§ **TASK BRIEF**
From the listing that follows, reproduce only the lines from the one holding "Định nghĩa cơ" through the one holding "FASHION FOR PROFIT", both included, with no pictures.

§ **DATASET RECORDS**
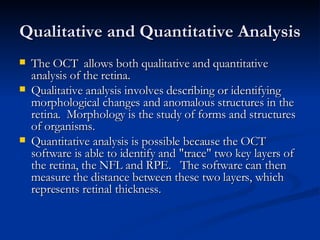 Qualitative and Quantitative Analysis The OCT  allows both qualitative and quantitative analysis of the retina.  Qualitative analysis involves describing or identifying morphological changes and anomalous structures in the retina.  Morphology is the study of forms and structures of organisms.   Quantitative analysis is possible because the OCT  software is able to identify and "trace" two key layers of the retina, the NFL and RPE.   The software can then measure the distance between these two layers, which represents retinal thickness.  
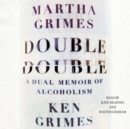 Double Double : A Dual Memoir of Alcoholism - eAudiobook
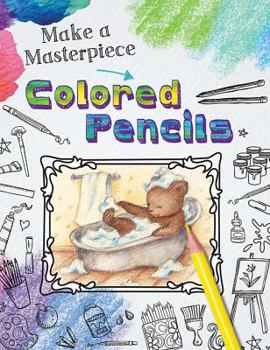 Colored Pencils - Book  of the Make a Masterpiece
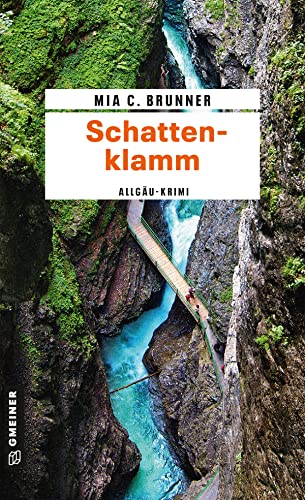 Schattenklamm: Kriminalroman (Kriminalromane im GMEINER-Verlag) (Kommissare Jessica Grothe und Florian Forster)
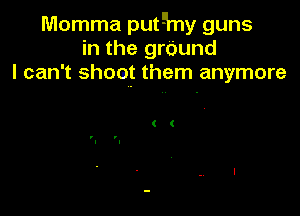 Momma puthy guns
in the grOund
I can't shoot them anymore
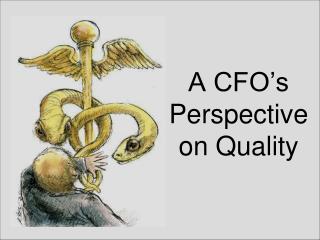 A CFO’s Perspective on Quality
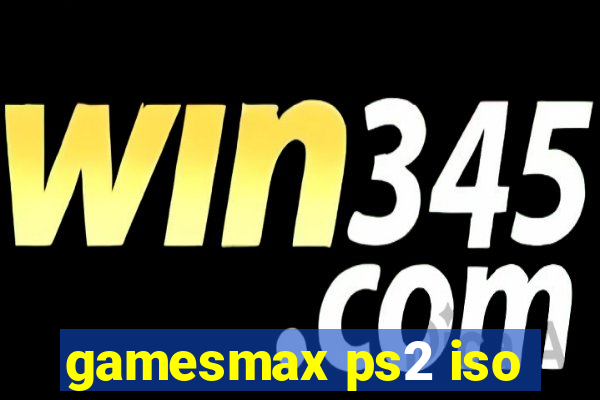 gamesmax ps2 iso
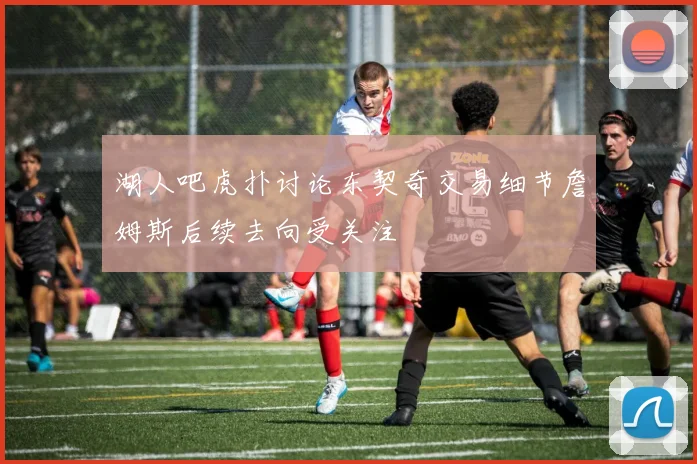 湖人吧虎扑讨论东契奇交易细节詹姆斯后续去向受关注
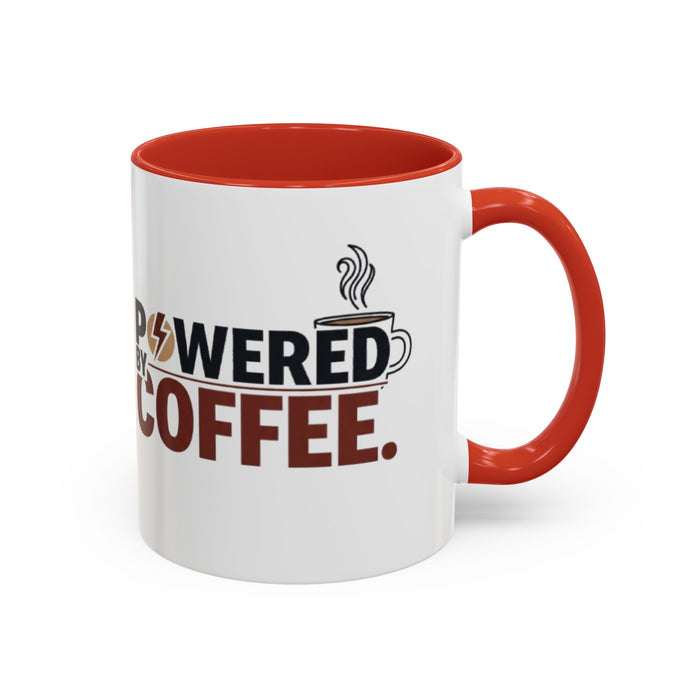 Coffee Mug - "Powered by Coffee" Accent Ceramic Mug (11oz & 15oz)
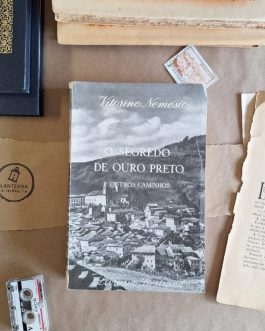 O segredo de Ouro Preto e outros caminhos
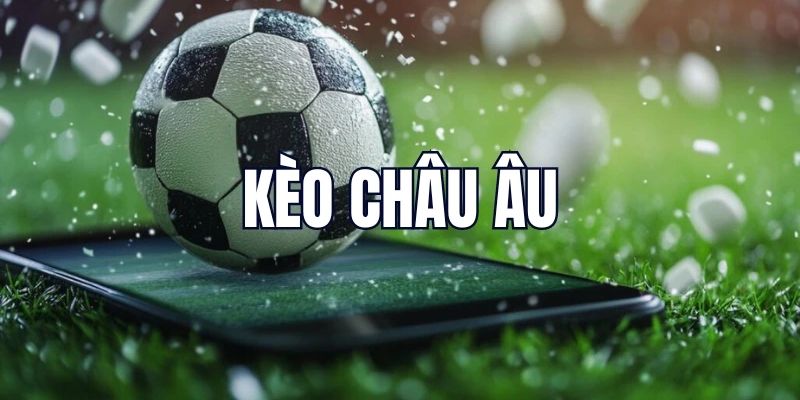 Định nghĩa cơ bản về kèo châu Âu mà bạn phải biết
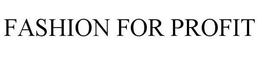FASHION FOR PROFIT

==

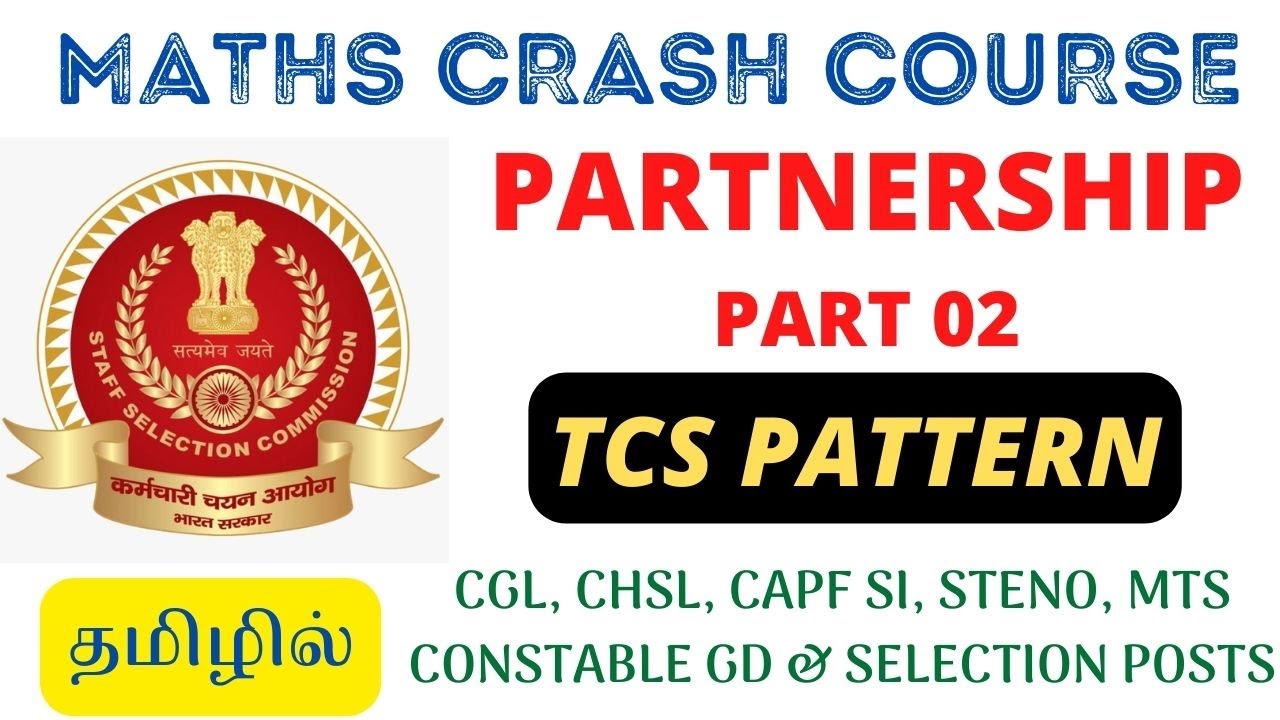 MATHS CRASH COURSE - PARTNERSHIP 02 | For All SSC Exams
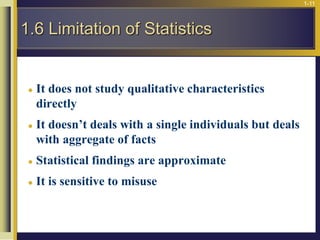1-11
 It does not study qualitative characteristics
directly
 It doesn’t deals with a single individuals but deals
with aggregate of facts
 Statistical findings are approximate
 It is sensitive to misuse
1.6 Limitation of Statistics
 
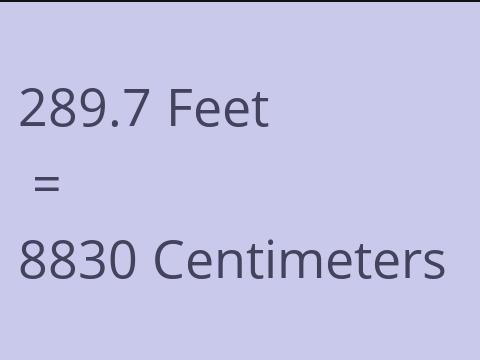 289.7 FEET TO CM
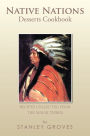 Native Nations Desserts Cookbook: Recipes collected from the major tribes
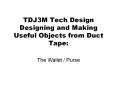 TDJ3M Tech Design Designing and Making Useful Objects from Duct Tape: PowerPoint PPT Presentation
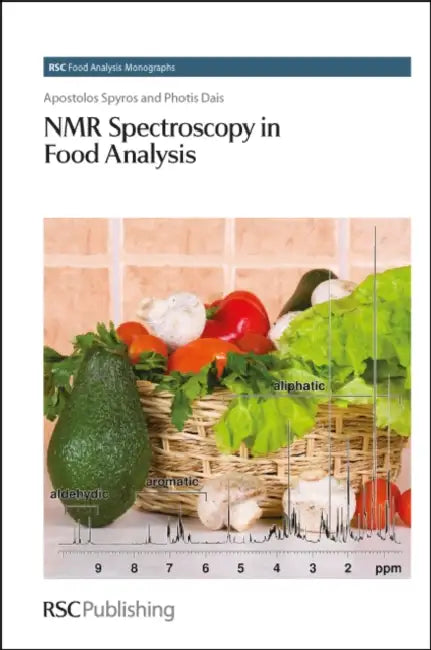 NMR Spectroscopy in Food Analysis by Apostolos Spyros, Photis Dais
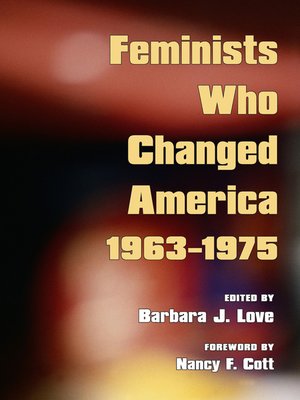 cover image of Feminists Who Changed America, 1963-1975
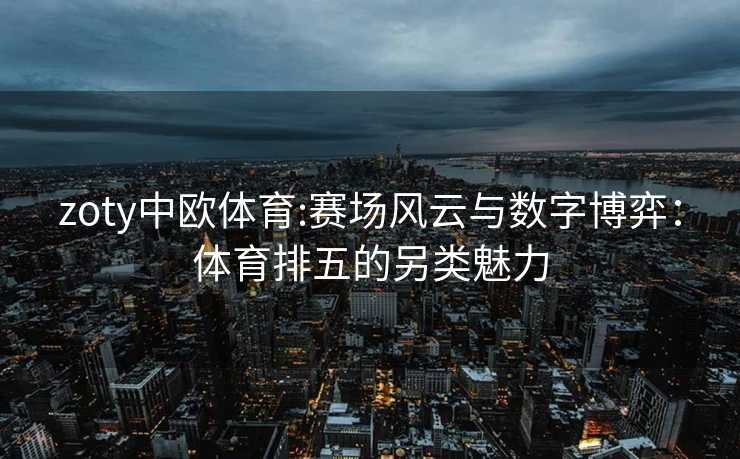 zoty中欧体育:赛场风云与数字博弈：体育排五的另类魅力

--

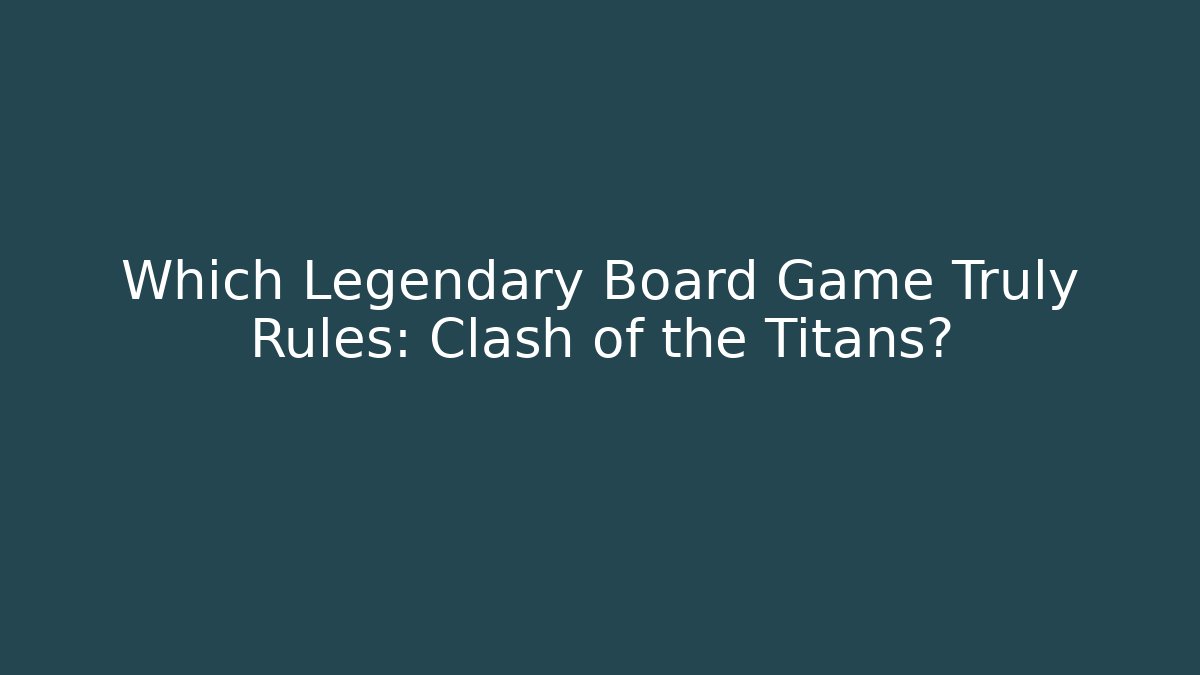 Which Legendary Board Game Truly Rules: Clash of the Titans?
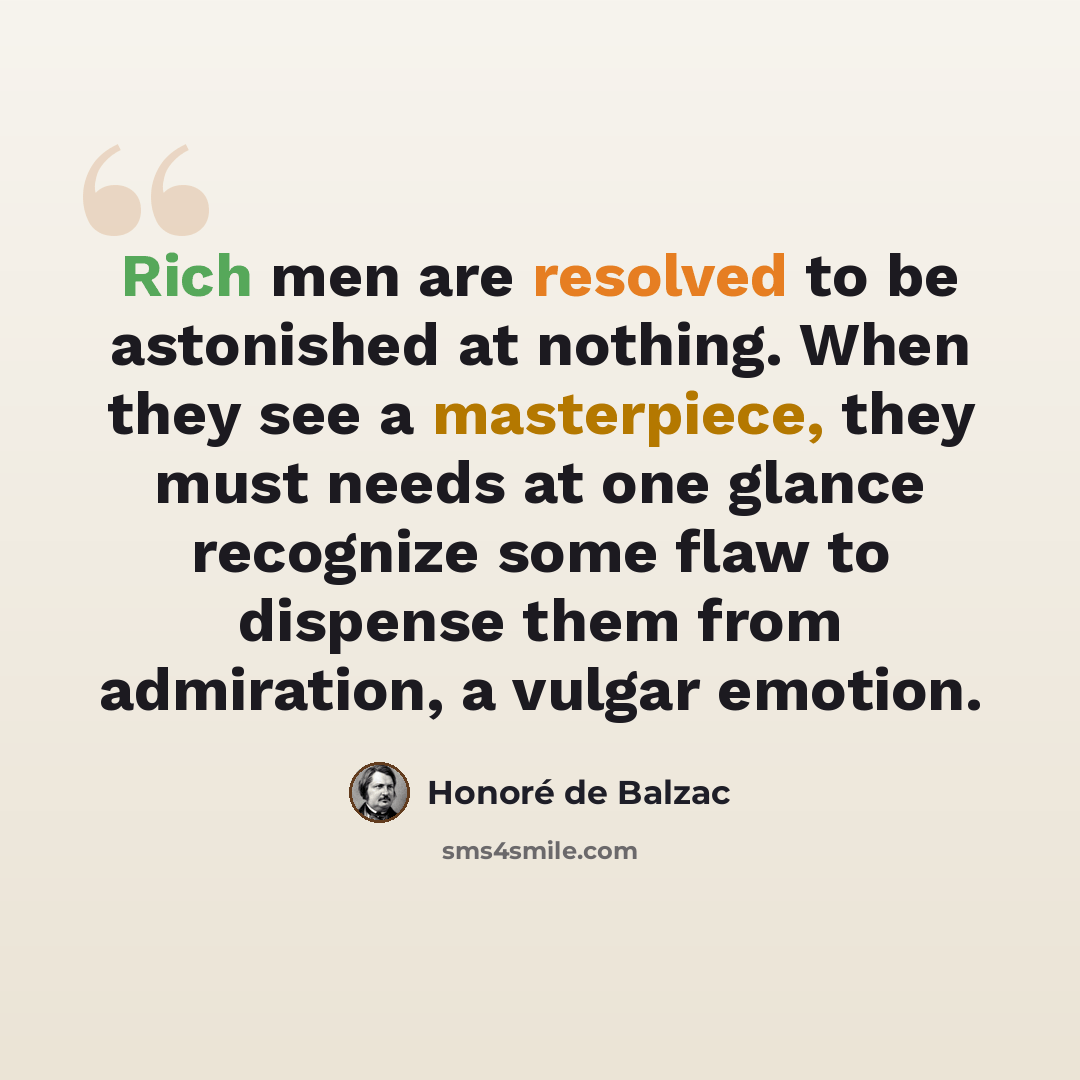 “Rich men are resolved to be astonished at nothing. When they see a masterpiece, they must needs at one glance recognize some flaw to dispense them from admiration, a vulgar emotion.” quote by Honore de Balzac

§ **WRITTEN REPLY**
 Định nghĩa cơ bản về kèo châu Âu mà bạn phải biết
FASHION FOR PROFIT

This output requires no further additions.